Dieses Mal ist es anders. Ich reise alleine. Am Ziel bin ich ebenfalls alleine.

Was sich erst einmal merkwürdig anfühlt, löste sich bei mir schnell in Wohlgefallen auf. Alleine reisen, alleine sein – alles sehr undramatisch. Es ist gar nicht schlimm, irgendwo alleine aufzutauchen, auch wenn andere dort sich zu Pärchen oder kleinen Grüppchen zusammengerottet haben. Die Welt bleibt weder stehen noch drehen sich alle Köpfe herum, wenn eine einsame, verloren scheinende Gestalt die Tür öffnet und einen Raum betritt. Mal abgesehen von den Köpfen in der finnischen Sauna gestern. Diese Sauna war etwas dunkel gestaltet, so dunkel, dass sie mir beim Abchecken durch die Glastür völlig leer vorkam. Als ich jedoch wenig später beschwingt die Tür öffnete und eintrat, saßen – aus dem Nichts heraus – die einzigen drei Herren, mit denen ich den großzügigen Wellnessbereich teilte, ganz plötzlich auf der hintersten Bank und sahen mich freundlich an.

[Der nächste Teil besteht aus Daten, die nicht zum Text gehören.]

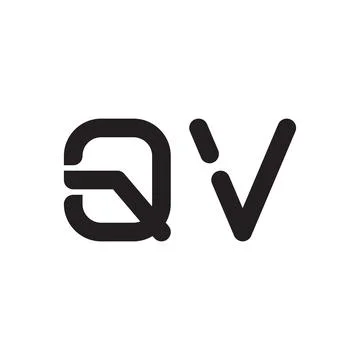 Qv initial letter vector logo icon Ilustração Stock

Es gelang mir mit Müh und Not, meine Fluchtimpulse zu unterdrücken. Die Herren machten es mir dankenswerterweise auch etwas einfacher und grüßten freundlich. Tapfer setzte ich mich auf mein Handtuch und versuchte, nicht allzu verkrampft auszusehen. Danach schwitzte jeder für sich selbst weiter.

War also gar nicht so schlimm. Nicht mal das.